The Press: Seattle Strike (Cont’d)

2 minute read
TIME

With a minimum of physical disorder, the American Newspaper Guild strike, which has “indefinitely” suspended publication of William Randolph Hearst’s Seattle Post-Intelligencer, continued last week. Skeleton picket lines, reduced at times to a single placard-carrier, were posted at the P.I. building. In thoroughly unionized Seattle, no union printer cared to enter even such a sparsely-picketed establishment. Seattle’s stevedores quietly let 1,500 copies of the Hearstian San Francisco Examiner grow yellow on the docks. Attributing his difficulties to “Communists” and describing the Seattle situation as one of “open revolution,” Mr. Hearst, vacationing in Rome, called for the formation of vigilantes to attack the Seattle strikers. Fifty Pacific Northwest newspaper publishers, members of the American Newspaper Publishers’ Association, met and muttered in secret session. At Seattle’s Washington Athletic Club, a “Law and Order League” gathered, ap pointed a “Secret Six” to smash the strike. But in its third week, the nation’s first major effective newspaper strike continued to be fought in ink rather than blood.

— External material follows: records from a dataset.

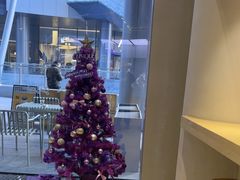 -Seesaw Coffee(西岸凤巢店)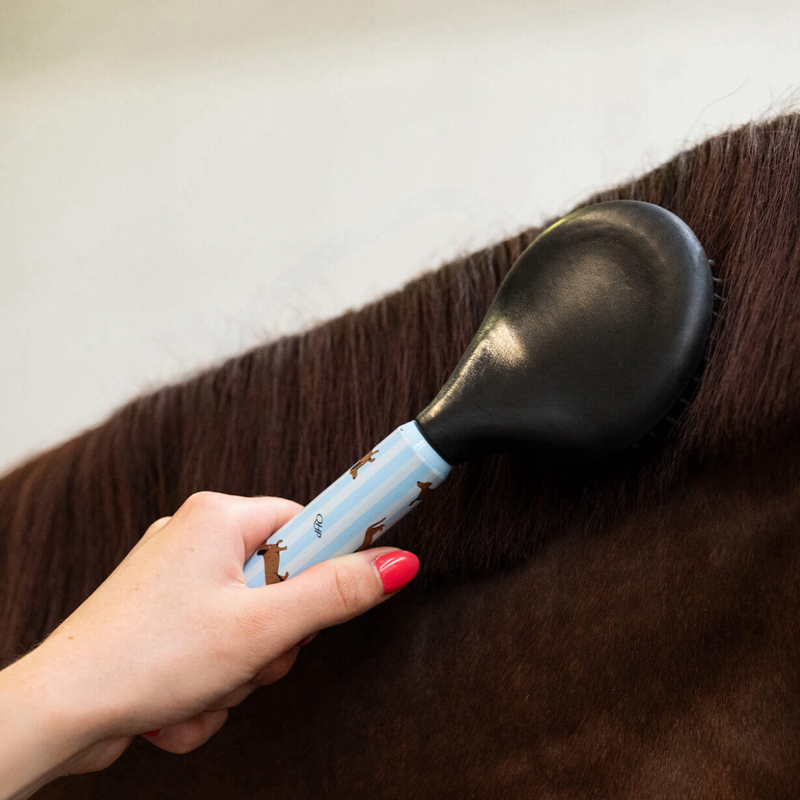 QHP Stable Buddy Grooming Set - Dachshund-2
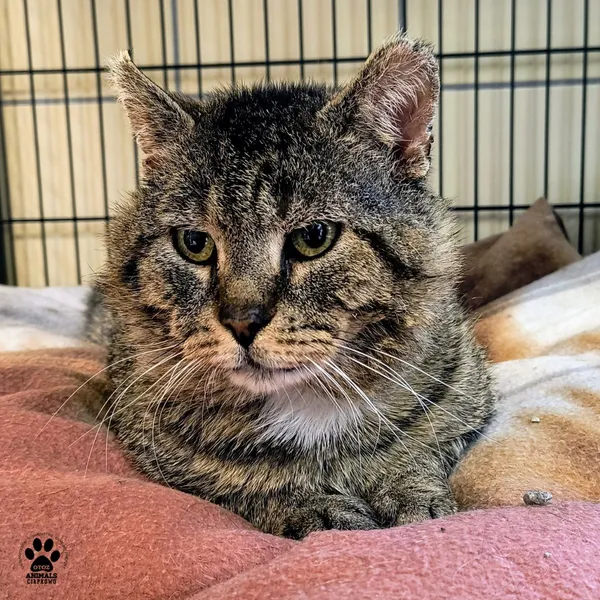 Kot do adopcji, Gdynia, 27 maja 2025 (4/5)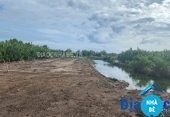 Bán đất lúa xã Tam Thôn Hiệp Cần Giờ - ảnh 1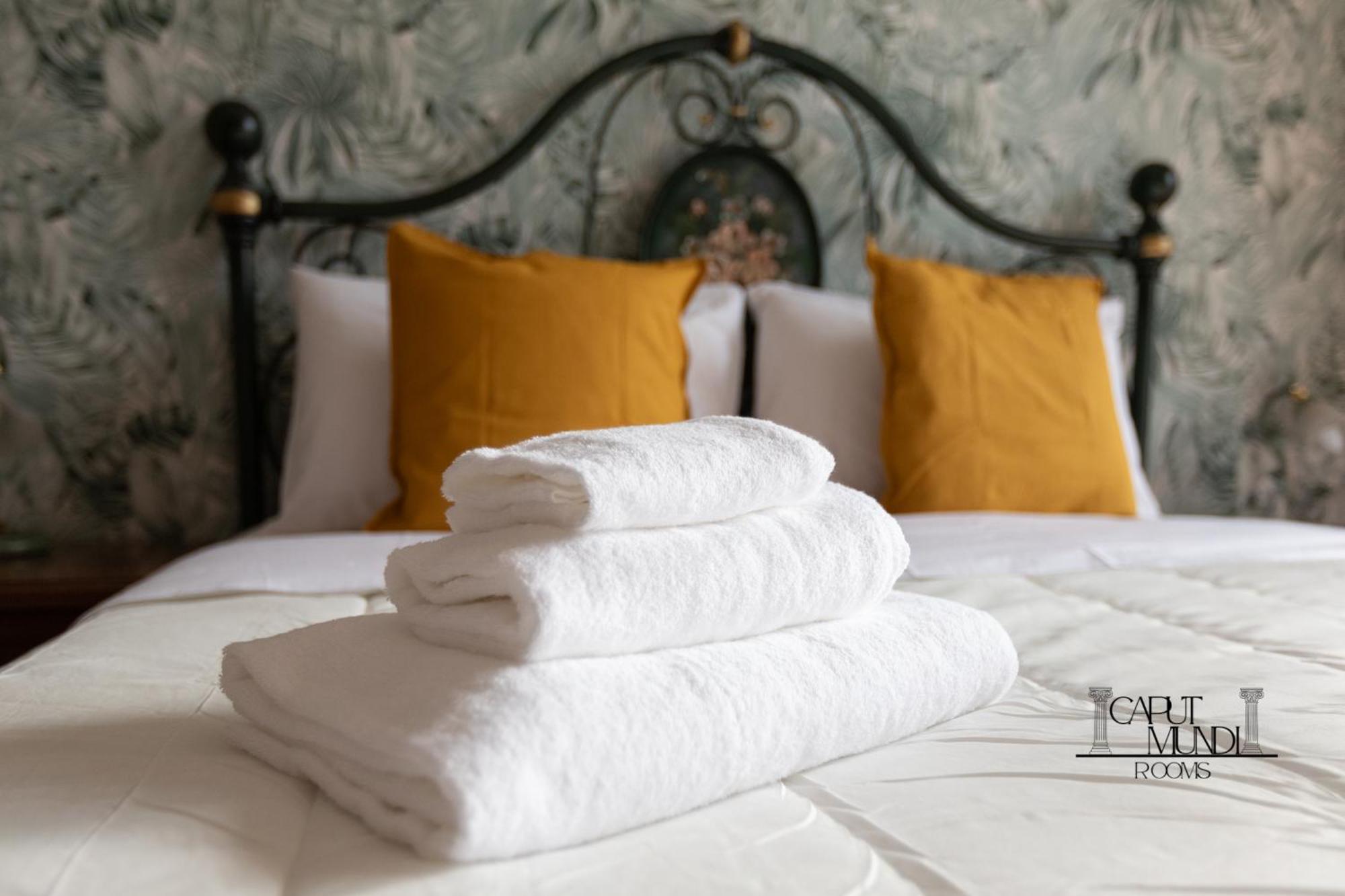 Caput Mundi Rooms - 100Mt To Metro A, Terrace, A-C, 15 Min To Center Rome Buitenkant foto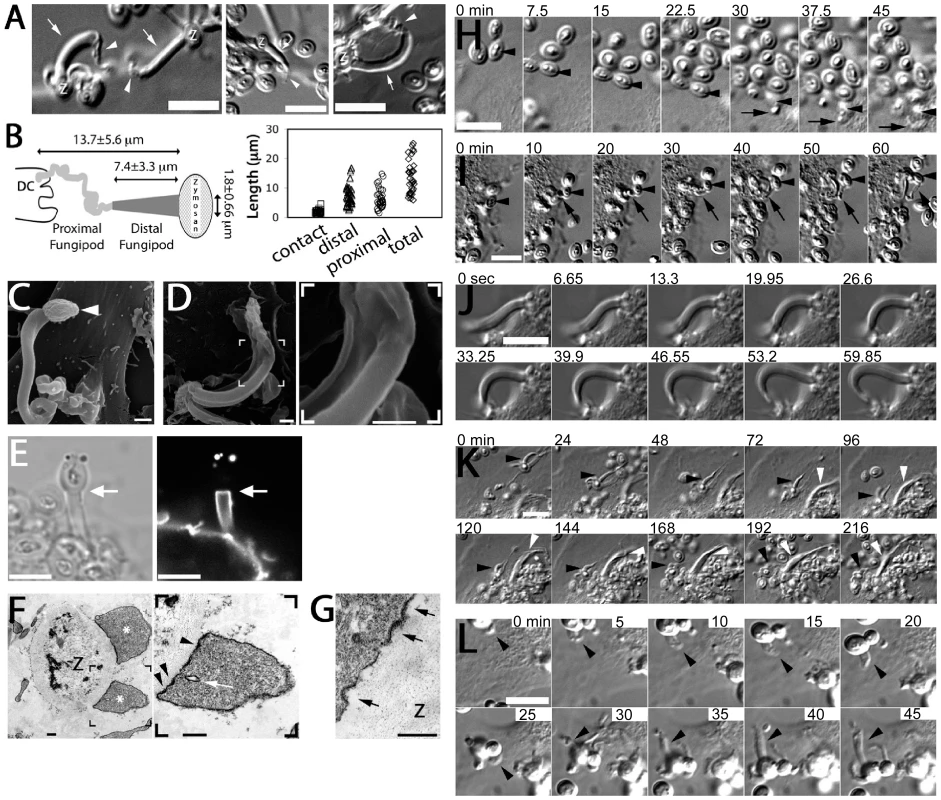 Morphology and formation of fungipods.
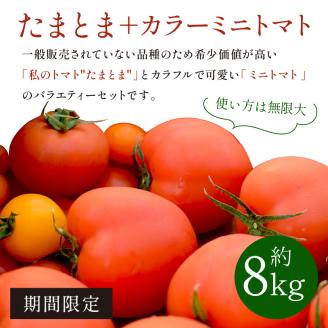 【限定出荷】"たまとま"＋カラーミニトマト(約8kg)《 野菜 トマト ミニトマト カラートマト 期間限定 送料無料 おすすめ 美味しい セット とまと ふるさと納税 》【2403C12102】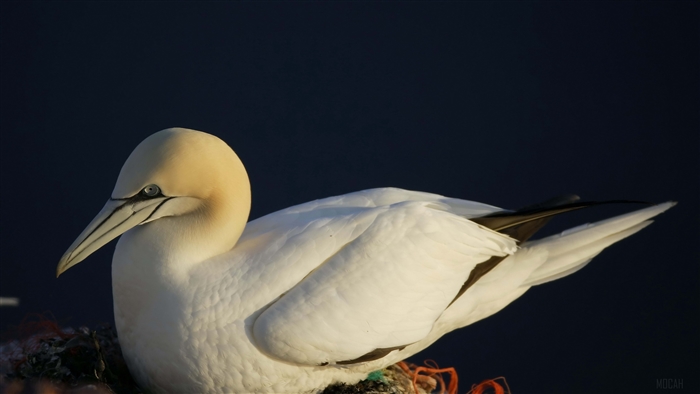 Northern Gannet bird on a nest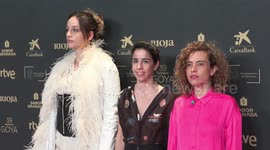 Spain: The nominees for the Goya Awards celebrate a year of film for Spanish cinema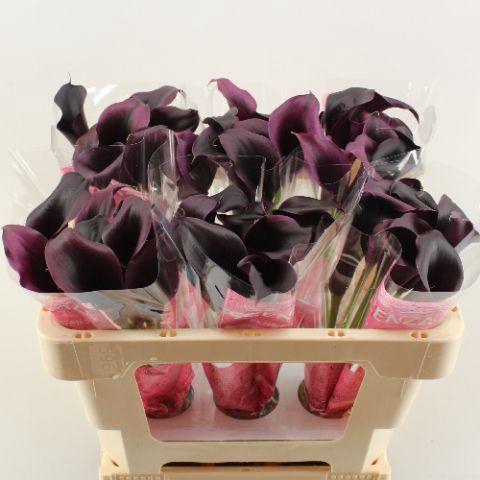 <h4>ZANT ODESSA</h4>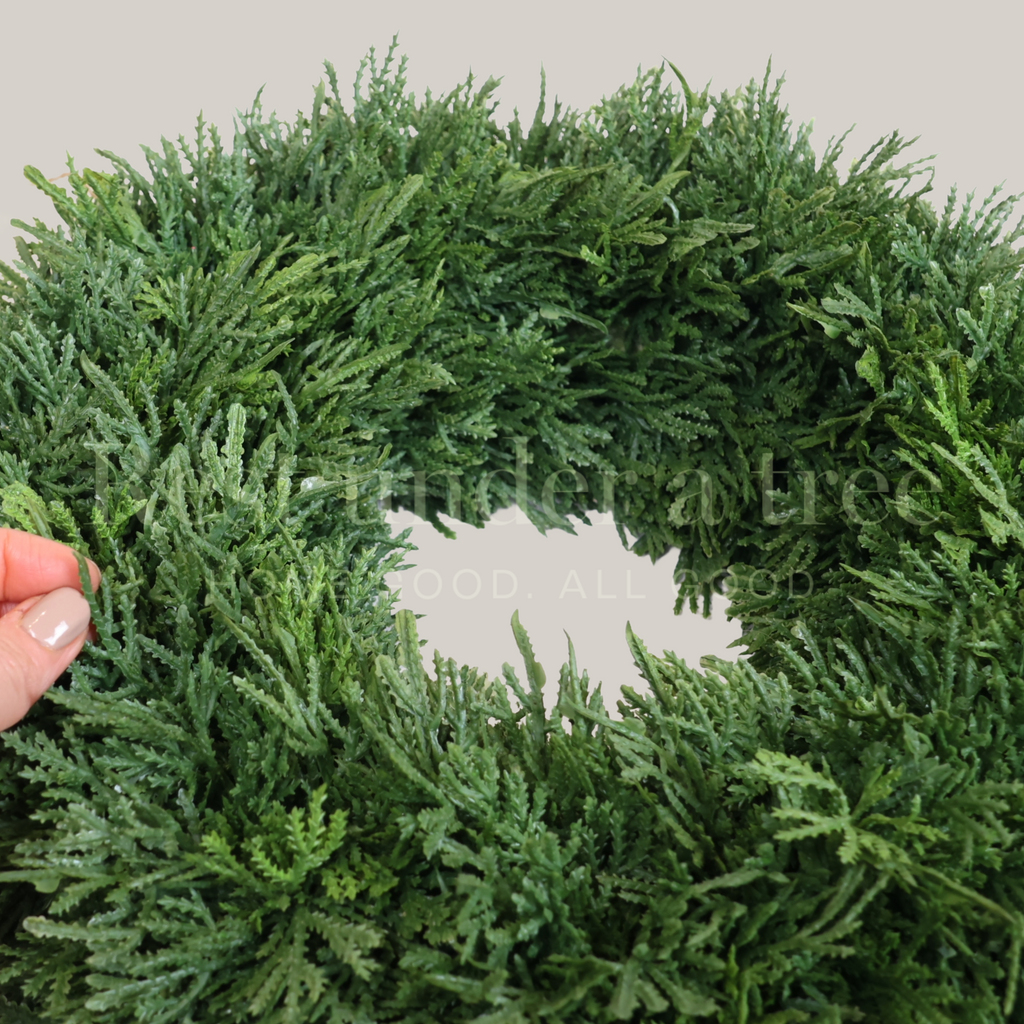 MINI Corona Base Pachona R.U.T. – 40CM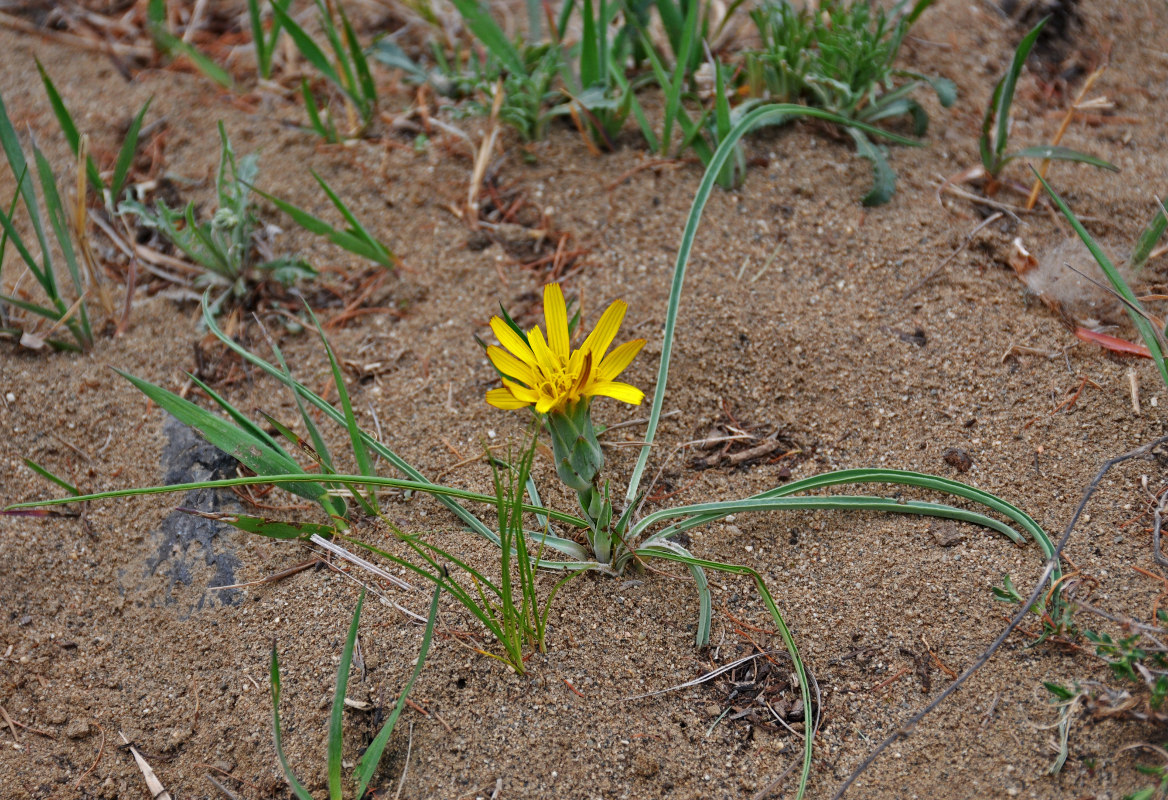 Image of genus Scorzonera specimen.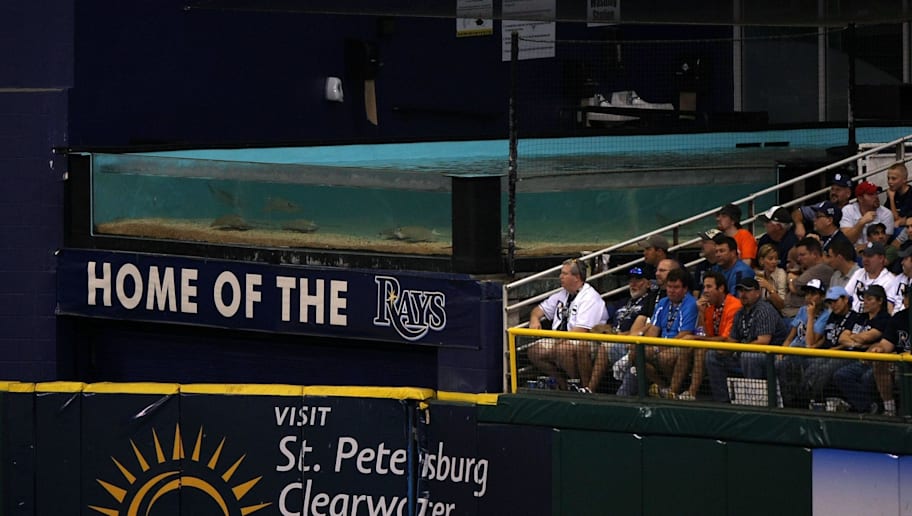 Peta Issues Complaint To Rays About Touch Tank 12up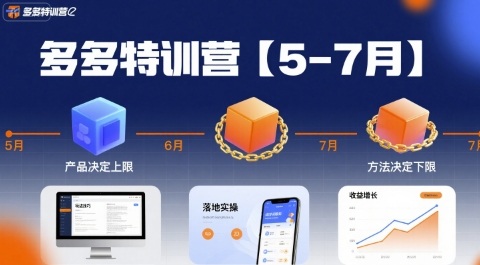 多多特训营，产品决定上限，方法决定下限，各种玩法技巧落地实操(更新)-卿云社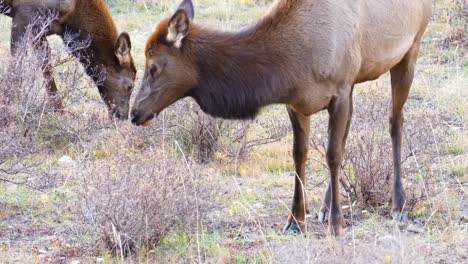 Zwei-Weibliche-Elche,-Die-Mit-Der-Herde-Im-Rocky-Mountain-Nationalpark-In-Colorado,-USA,-Auf-Der-Wiese-Grasen-Und-Essen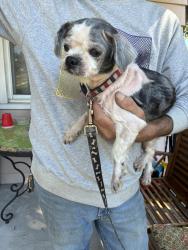 Reunited Female Dog last seen Rockne and Shelly, Yonkers, NY 10701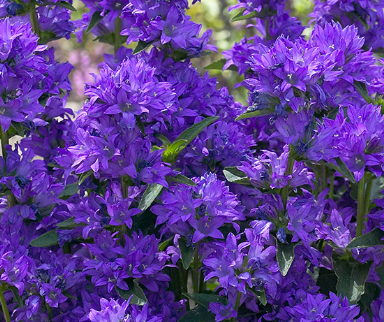 CAMPANULA - FREYA
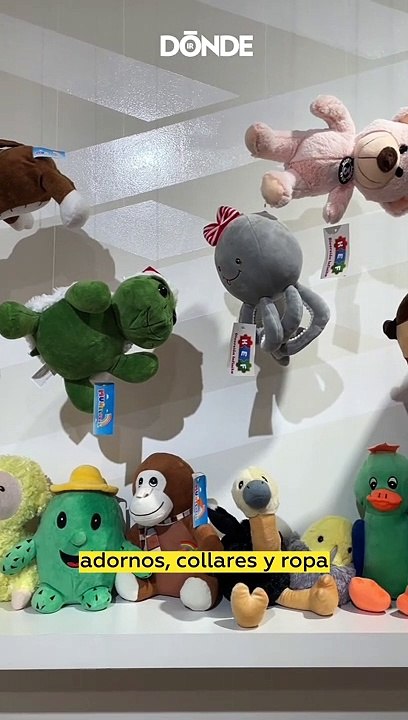 El Museo de las Relaciones Rotas llega a CDMX ¡Ya dile adiós a tu ex!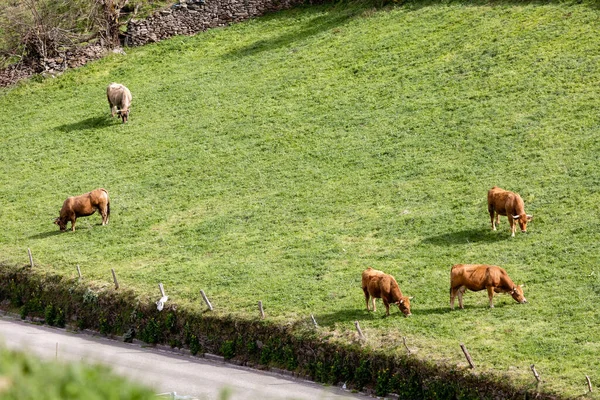 Коровы Пасутся Лугу Долине Лиетариегос Астурии Испания — стоковое фото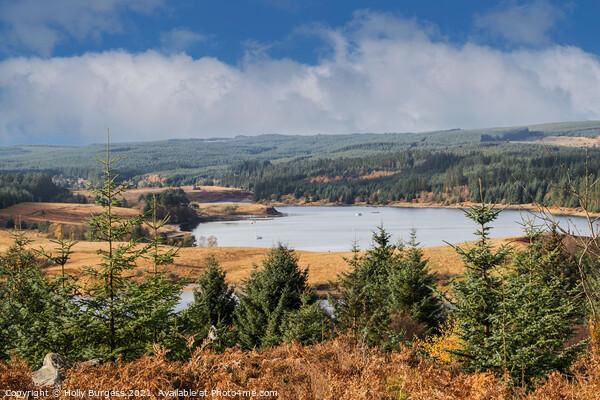 Kielder Water, Northumberland Biggest man made woodland in Europe  Picture Board by Holly Burgess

The non-violent nature of the P.I. strike became doubly manifest when Labor Boss “Dave” Beck filed suit for $250,000 damages against arch-conservative Publisher Clarance Brettun Blethen of the Times, who had changed overnight from Mr. Hearst’s worst enemy in Seattle to his most sympathetic defender, for denouncing him as a “racketeer.” Declared Publisher Blethen: “There are certain things no decent American can arbitrate. If the neighbor’s dog attacks your child, you don’t telephone the mayor to have the case considered by some special board. . . .” In Manhattan, the Guild’s President Heywood Broun drawled: “Some volunteer [Law and Order League] members and other members hired by Mr. Hearst will go out and pick a fight on the picket lines, and people will be hurt, and some may be killed, and then Mr. Hearst will say that the revolution has come to Seattle and blame it on the New Deal.”